'Life' lacks taste, loses focus

Published: Sunday, Feb. 26 2006 12:00 a.m. MST

THE GOOD LIFE, by Jay McInerney, Knopf, 353 pages, $25.

It seems fitting that a novelist who has devoted so much of his life to partying that he has not written up to his abilities should write a book called "The Good Life."

But if you expect from the title that it is representative of atonement, you will be disappointed.

This is, strictly speaking, a 9/11 novel , although the tragedy of 9/11 is more like an excuse for the book, or at least a basis for the meeting of the principal characters. Fellow New Yorkers Corrine Callaway and Luke McGavock are introduced to each other while doing volunteer work in a soup kitchen near Ground Zero.

Corrine is in a rocky marriage with Russell, a successful publisher, although they have young twins, conceived in a petri dish with eggs provided by Corrine's wild but beautiful sister, Hilary (which becomes a major complication). Corrine is suspicious that Russell has cheated on her — and she is right.

McGavock, who lives a little higher on the social register on the Upper East Side, is an investment banker who has decided that life should have more to offer than wealth, of which he has plenty. He is disturbed, also, by his teenage daughter, who is consumed by materialism, and his wife, Sasha, who is beautiful, well-spoken and completely caught up in social stardom.

His marriage is on the verge of dissolution because he and Sasha see everything so differently, and they are becoming more and more distant from each other. Besides, Sasha has been rumored to be having an affair with a powerful man he doesn't respect.

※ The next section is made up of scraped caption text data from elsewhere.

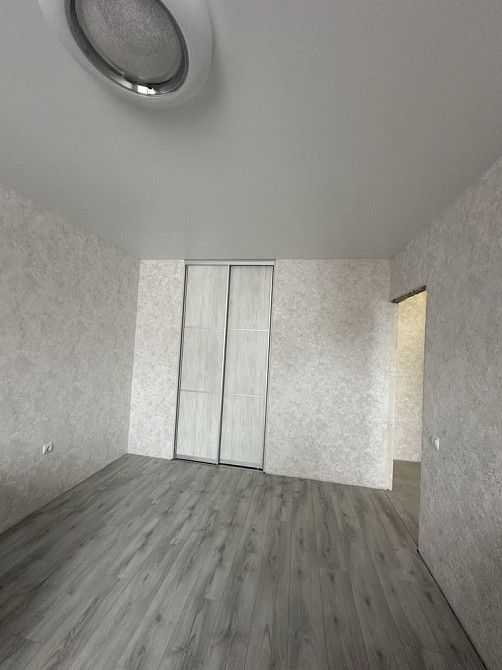 Продається 2 кімнатна квартира в ЖК Мрія Житомир - изображение 2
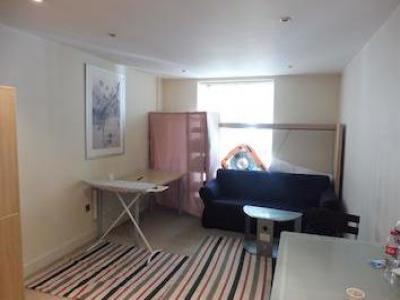 Acheter Appartement Birmingham rgion BIRMINGHAM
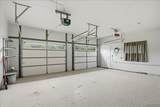 4130 Ransom Road - Photo 39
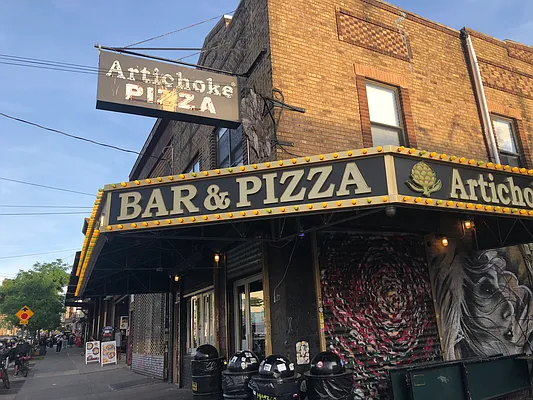 Rented by Highline Residential | media 49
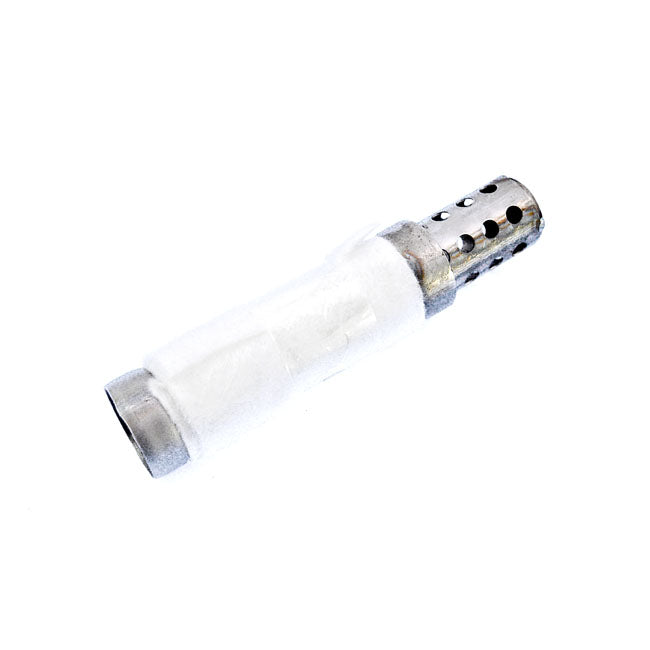 VANCE & HINES QUIET BAFFLE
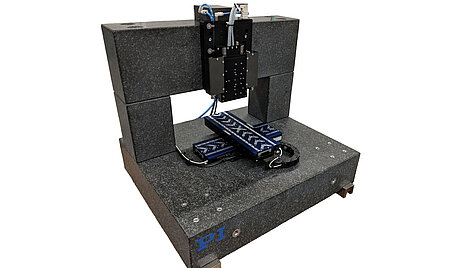 csm_XYZ_Motion_System_V-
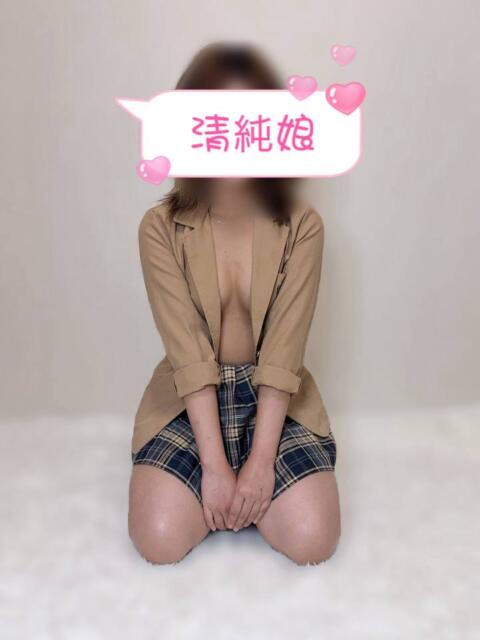 メイ 清純娘（アジアンデリヘル）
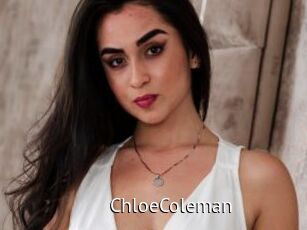 ChloeColeman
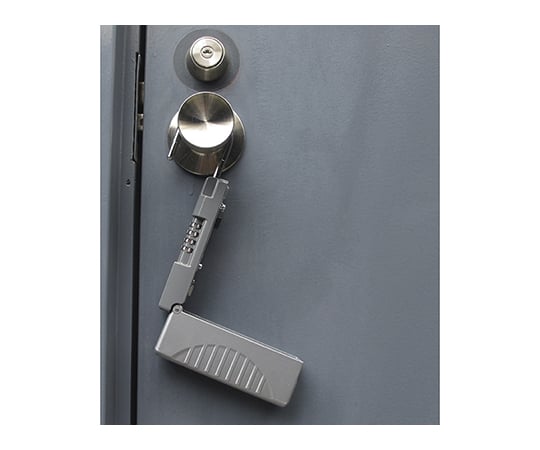 Key Stock Handy No LED 302104 1pc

The set-up, then, is ideal for Corrine and Luke to fall in love — which they do, in wholly romantic fashion, just as each is looking in fresh terms at life and its meaning.

They have been more profoundly affected by the tragedy of terrorism than their families. Eventually, they are so much in love that they go to the soup kitchen more to see each other than to do humanitarian work.

The premise here works in the main, and the characters are interesting. Corrine, especially, is loaded with charisma. But the novelist tries to do too much and go in too many directions.

When the storyline focuses on Corrine and Luke, it works. But it sputters when dealing with Russell and his girlfriend, Russell's diverse friends from the literary world and Corrine's dangerous sister, who seems ready to take obnoxious — if understandable — ownership of the twins.